SUPPLIED INFORMATION:
- - - -

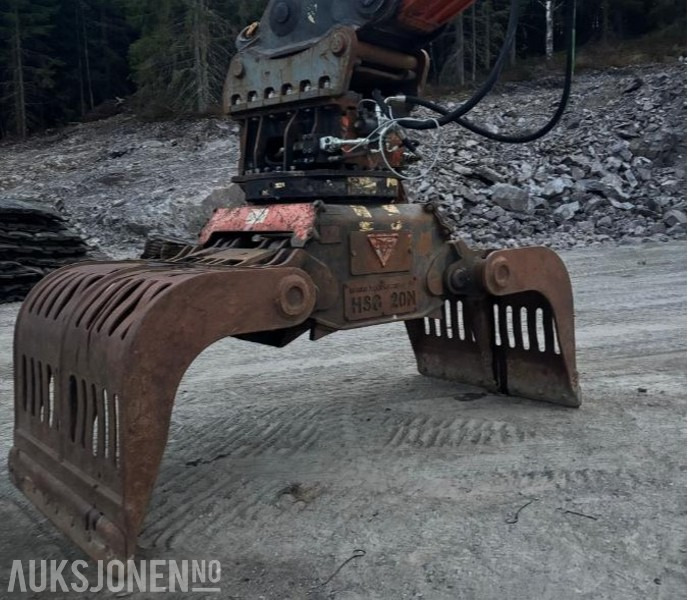 2013 Hydraram HSG 20N - Sorteringsklype - Rivingsklype - Implemento para Maquinaria de construcción: foto 1 2013 Hydraram HSG 20N - Sorteringsklype - Rivingsklype - Implemento para Maquinaria de construcción: foto 1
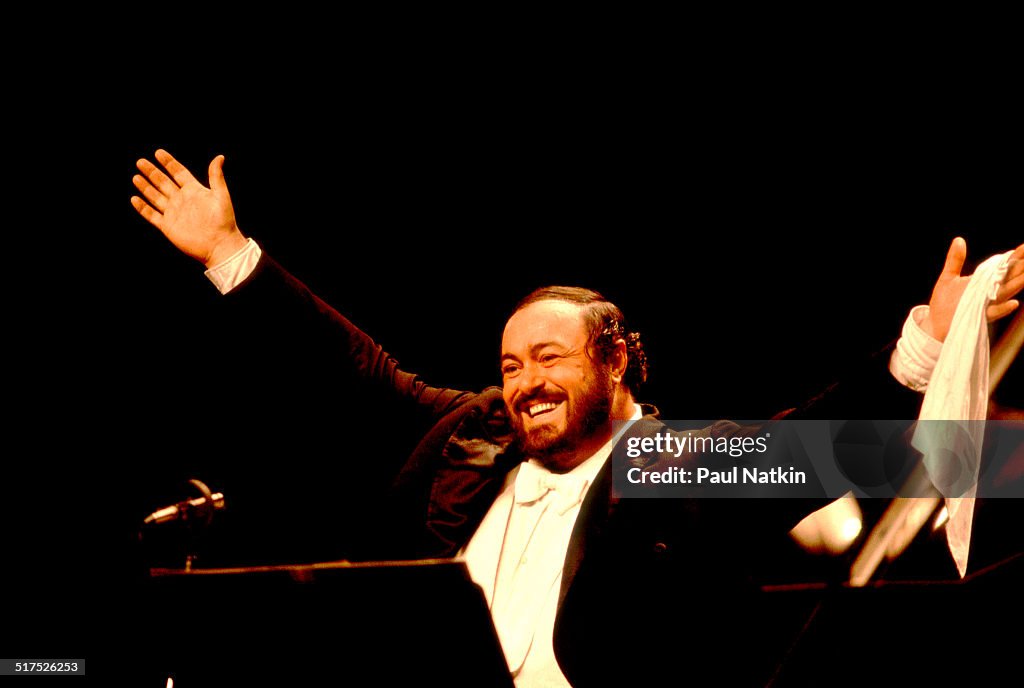 Luciano Pavarotti At Poplar Creek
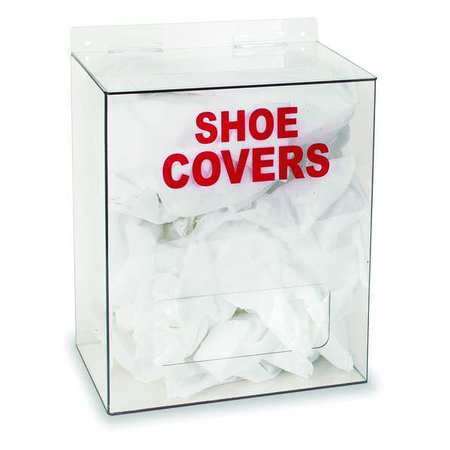CONDOR Shoe/Boot Cover Dispenser, PETG, Clear 4GMT5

- - - -

Reproduce the listing word for word, but keep the pictures out of it.

RESPONSE BELOW:
 2013 Hydraram HSG 20N - Sorteringsklype - Rivingsklype - Implemento para Maquinaria de construcción: foto 1 2013 Hydraram HSG 20N - Sorteringsklype - Rivingsklype - Implemento para Maquinaria de construcción: foto 1
 Luciano Pavarotti At Poplar Creek
CONDOR Shoe/Boot Cover Dispenser, PETG, Clear 4GMT5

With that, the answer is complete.